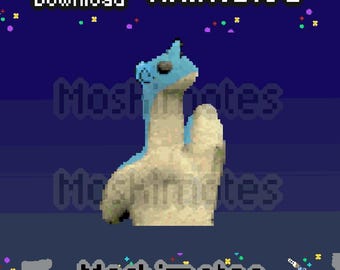 May include: A pixel art animation of a light blue and beige creature with a long neck and rounded head. The text "Instant Download", "Animated", and "Moshimotes" appears in white pixelated font against a dark blue background with colorful confetti.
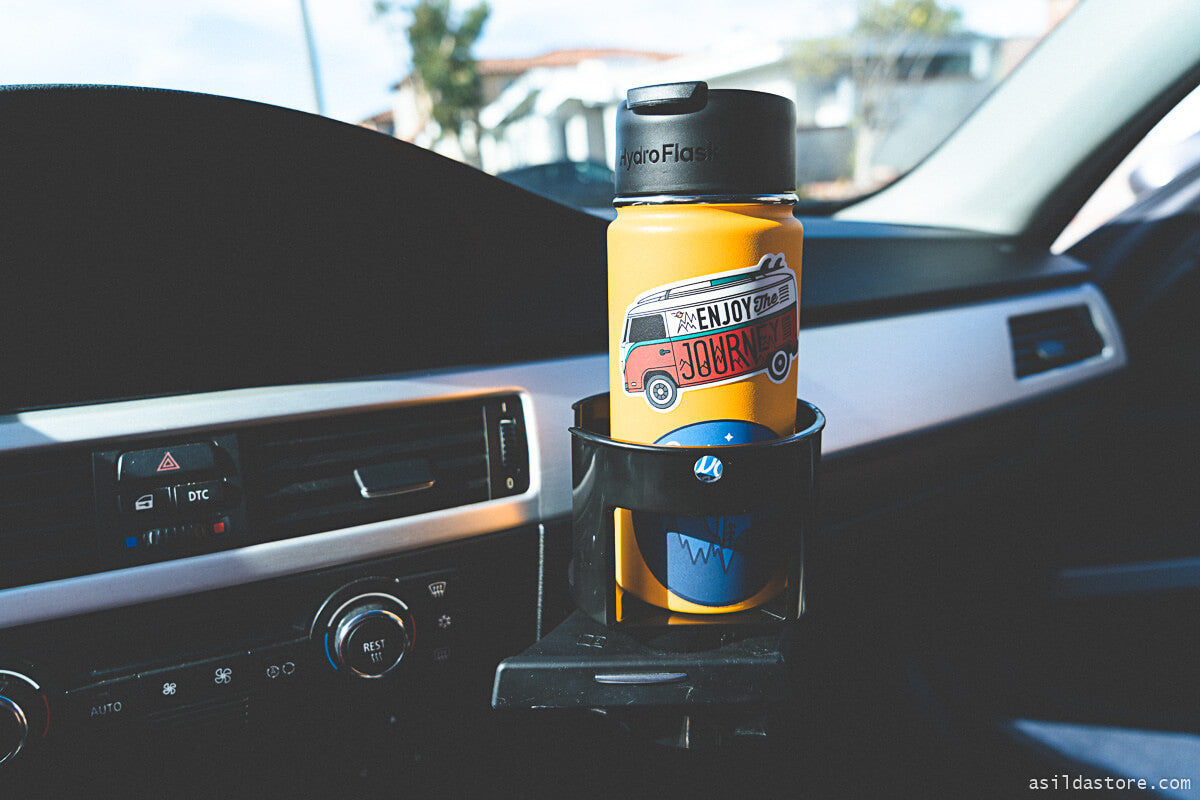 Large bottle car cup holder adapter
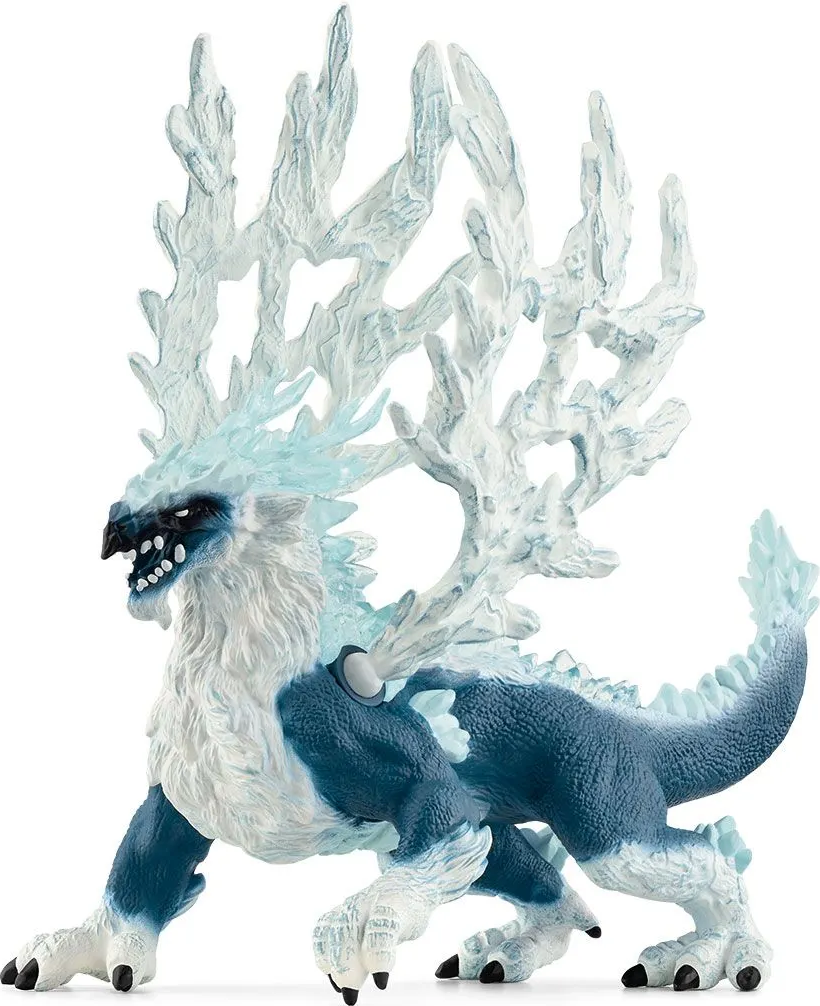 Ein Spielzeug-Eisdrache mit hellblauem Farbschema.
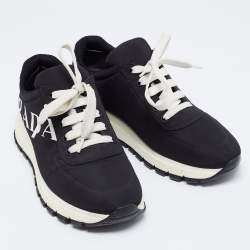 Pre Owned Prada Black/White Nylon Lace Up Sneakers Size 39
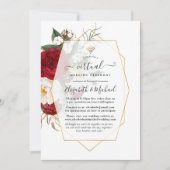 Bourgogne & White Floral Geometric Virtual Wedding Kaart (Voorkant)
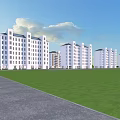 Modern High Rise Residential Buildings With Green Lawn And Water Pond Scenery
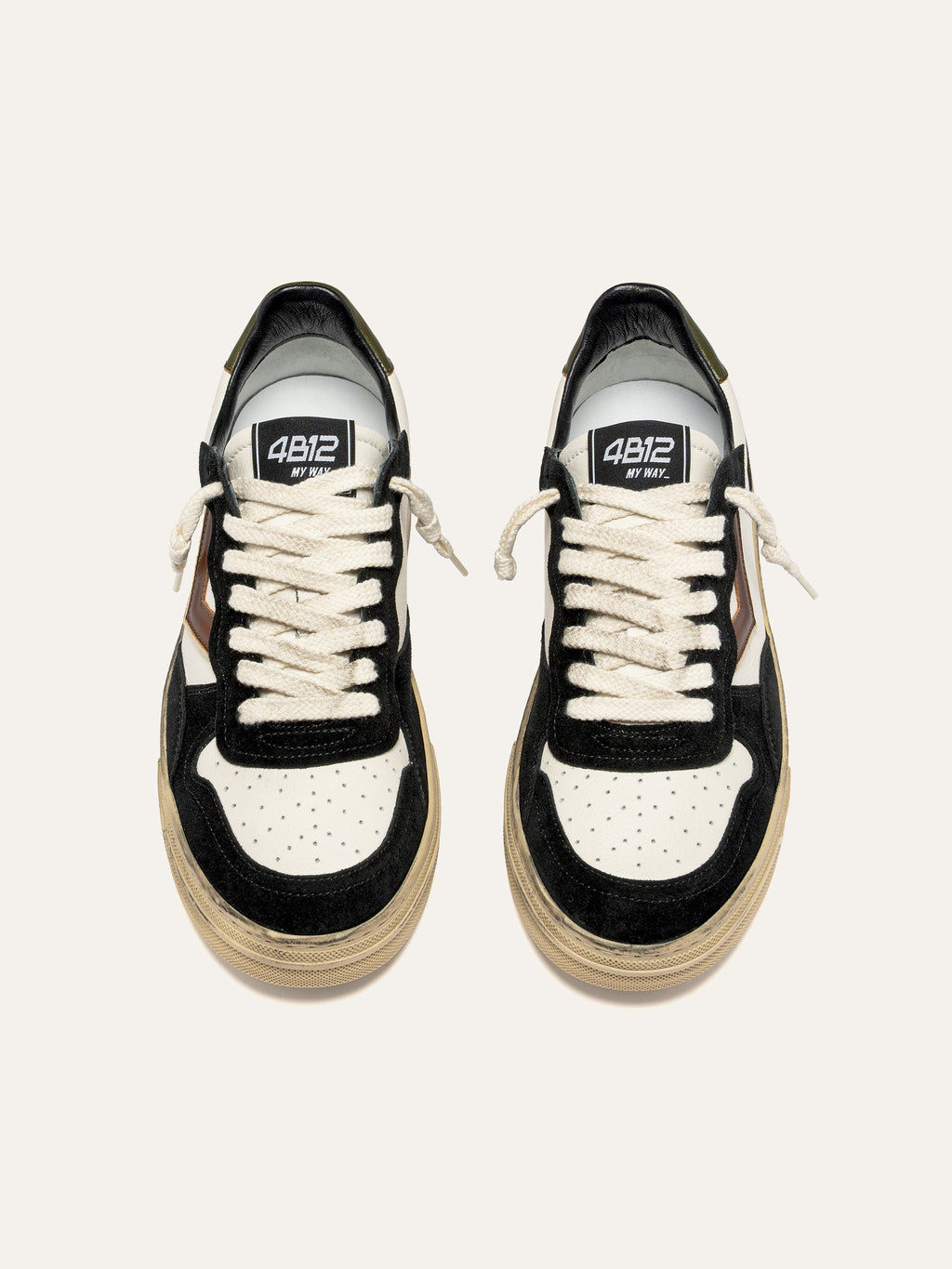HYPER Sneakers in White Leather with Black and Brown Suede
---
• _Try it_
From the line containing "Modern High Rise" to the last line of the records above, return each line exactly, both ends included, and nothing more. Leave out the pictures.

• _Task result_
 Modern High Rise Residential Buildings With Green Lawn And Water Pond Scenery
HYPER Sneakers in White Leather with Black and Brown Suede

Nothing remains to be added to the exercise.